American journalist and political consultant

Eric Fehrnstrom is a former journalist and political consultant who was a top aide to 2012 U.S. Republican presidential candidate Mitt Romney. He is a founder and principal of the Shawmut Group, a Boston-based communications consulting firm.

Fehrnstrom graduated in 1984 from Boston University College of Communication.

Fehrnstrom worked as a reporter at The Boston Herald for nearly a decade, including a stint as State House bureau chief. He also served as a Senior Vice President for Corporate Communications at Hill Holliday, a marketing and advertising agency where he worked with brands including Fidelity, John Hancock Financial and Advanced Micro Devices.

Fehrnstrom was communications director on Romney's winning 2002 campaign for governor of Massachusetts and continued to hold that post through all four years of the Romney governorship.

In March 2012, Fehrnstrom came to national attention after likening the Romney campaign to an Etch-a-Sketch as it was moving from the primary to the general campaign. Fehrnstrom told CNN that “Everything changes. It’s almost like an Etch A Sketch. You can kind of shake it up and restart all over again." The remark was widely considered a gaffe that has handed Romney's opponents a convenient soundbite with which to describe the candidate as a flip-flopper.

In 2014, Fehrnstrom enrolled in a master's program in theological studies at Boston College’s School of Theology and Ministry. At the same time, his former colleagues noted that he had softened his manner, which had variously been described as "aggressive", "confrontational" and "sharp-elbowed".

In politics, Fehrnstrom has also been an Assistant State Treasurer in Massachusetts.

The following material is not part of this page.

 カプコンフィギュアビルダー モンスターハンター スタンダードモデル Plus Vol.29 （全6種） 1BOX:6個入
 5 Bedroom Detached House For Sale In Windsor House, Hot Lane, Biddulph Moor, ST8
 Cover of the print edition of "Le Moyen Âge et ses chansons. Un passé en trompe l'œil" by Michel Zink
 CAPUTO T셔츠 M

Fehrnstrom was the strategist to US Senator Scott Brown who was responsible for the ads that propelled him to victory in the 2010 Special Election to succeed Ted Kennedy, including the "Truck" ad that established Brown's popular image as a regular guy. Another ad showed black-and-white newsreel footage of President John F. Kennedy talking about tax cuts as he morphs into Brown.

In the presidential campaign, Fehrnstrom sparred frequently on Twitter with David Axelrod, top adviser to President Barack Obama.

The web site Politico named Fehrnstrom one of 50 "People to Watch" in 2012.

Fehrnstrom is married, he and his wife Kathy have two children and live in Brookline, Massachusetts.